= 2 + 2 = 5 =

Mathematically incorrect slogan

Two Plus Two Make Five (1895), by Alphonse Allais, is a collection of absurdist short stories about anti-intellectualism as politics.

2 + 2 = 5 or two plus two equals five is a mathematical falsehood which is used as an example of a simple logical error that is obvious to anyone familiar with basic arithmetic.

The phrase has been used in various contexts since 1728, but is best known from the 1949 dystopian novel Nineteen Eighty-Four by George Orwell.

As a theme and as a subject in the arts, the anti-intellectual slogan 2 + 2 = 5 pre-dates Orwell and has produced literature, such as Deux et deux font cinq (Two and Two Make Five), a collection of absurdist short stories written in 1895 by Alphonse Allais, and the 1920 imagist art manifesto 2 × 2 = 5 by the poet Vadim Shershenevich.

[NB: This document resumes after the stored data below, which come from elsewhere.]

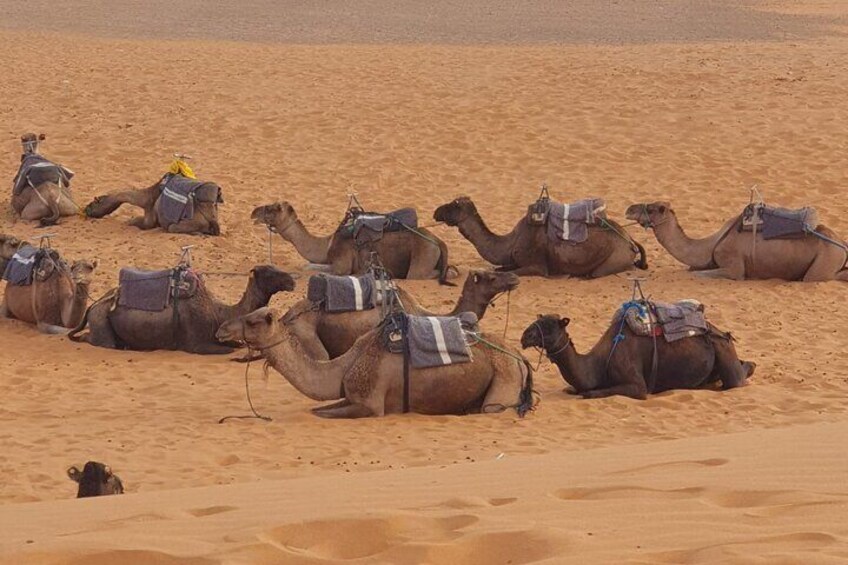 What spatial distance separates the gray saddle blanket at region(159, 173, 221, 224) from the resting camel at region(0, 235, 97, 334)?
3585 millimetres

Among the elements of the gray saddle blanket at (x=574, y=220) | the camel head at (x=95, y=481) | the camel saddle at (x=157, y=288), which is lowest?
the camel head at (x=95, y=481)

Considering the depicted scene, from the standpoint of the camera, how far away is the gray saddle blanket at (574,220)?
52.8 feet

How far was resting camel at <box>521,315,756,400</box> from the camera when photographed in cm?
1168

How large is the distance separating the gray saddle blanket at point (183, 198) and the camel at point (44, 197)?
153 cm

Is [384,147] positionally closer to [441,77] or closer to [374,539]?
[441,77]

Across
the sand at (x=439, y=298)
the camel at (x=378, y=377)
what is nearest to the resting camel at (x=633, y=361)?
the sand at (x=439, y=298)

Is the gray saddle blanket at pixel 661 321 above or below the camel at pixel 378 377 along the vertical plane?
above

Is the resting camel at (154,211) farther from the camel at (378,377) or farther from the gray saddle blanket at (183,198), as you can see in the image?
the camel at (378,377)

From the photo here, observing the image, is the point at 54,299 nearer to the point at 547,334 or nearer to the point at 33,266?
the point at 33,266

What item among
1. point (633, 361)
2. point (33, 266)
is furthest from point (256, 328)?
point (33, 266)

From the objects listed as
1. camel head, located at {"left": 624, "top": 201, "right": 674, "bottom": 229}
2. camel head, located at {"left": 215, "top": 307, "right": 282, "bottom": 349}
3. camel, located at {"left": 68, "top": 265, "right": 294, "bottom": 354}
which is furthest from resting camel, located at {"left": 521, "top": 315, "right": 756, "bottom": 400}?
camel head, located at {"left": 624, "top": 201, "right": 674, "bottom": 229}

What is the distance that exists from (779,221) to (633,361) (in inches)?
177

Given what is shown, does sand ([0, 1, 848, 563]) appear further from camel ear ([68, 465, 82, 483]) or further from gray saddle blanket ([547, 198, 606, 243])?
gray saddle blanket ([547, 198, 606, 243])

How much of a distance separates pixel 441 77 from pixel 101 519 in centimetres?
2271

== Self-evident truth and self-evident falsehood ==

In establishing the mundane reality of the self-evident truth of 2 + 2 = 4, in De Neutralibus et Mediis Libellus (1652) Johann Wigand said: "That twice two are four; a man may not lawfully make a doubt of it, because that manner of knowledge is grauen [graven] into mannes [man's] nature."

In the comedy-of-manners play Dom Juan, or The Feast with the Statue (1665), by Molière, the libertine protagonist, Dom Juan, is asked in what values he believes, and answers that he believes "two plus two equals four".

In the 18th century, the self-evident falsehood of 2 + 2 = 5 was attested in the Cyclopædia, or an Universal Dictionary of Arts and Sciences (1728), by Ephraim Chambers: "Thus, a Proposition would be absurd, that should affirm, that two and two make five; or that should deny 'em to make four." In 1779, Samuel Johnson likewise said that "You may have a reason why two and two should make five, but they will still make but four."

In the 19th century, in a personal letter to his future wife, Anabella Milbanke, Lord Byron said: "I know that two and two make four—& should be glad to prove it, too, if I could—though I must say if, by any sort of process, I could convert 2 & 2 into five, it would give me much greater pleasure."

In Gilbert and Sullivan's Princess Ida (1884), the Princess comments that "The narrow-minded pedant still believes/That two and two make four! Why, we can prove,/We women—household drudges as we are –/That two and two make five—or three—or seven;/Or five-and-twenty, if the case demands!"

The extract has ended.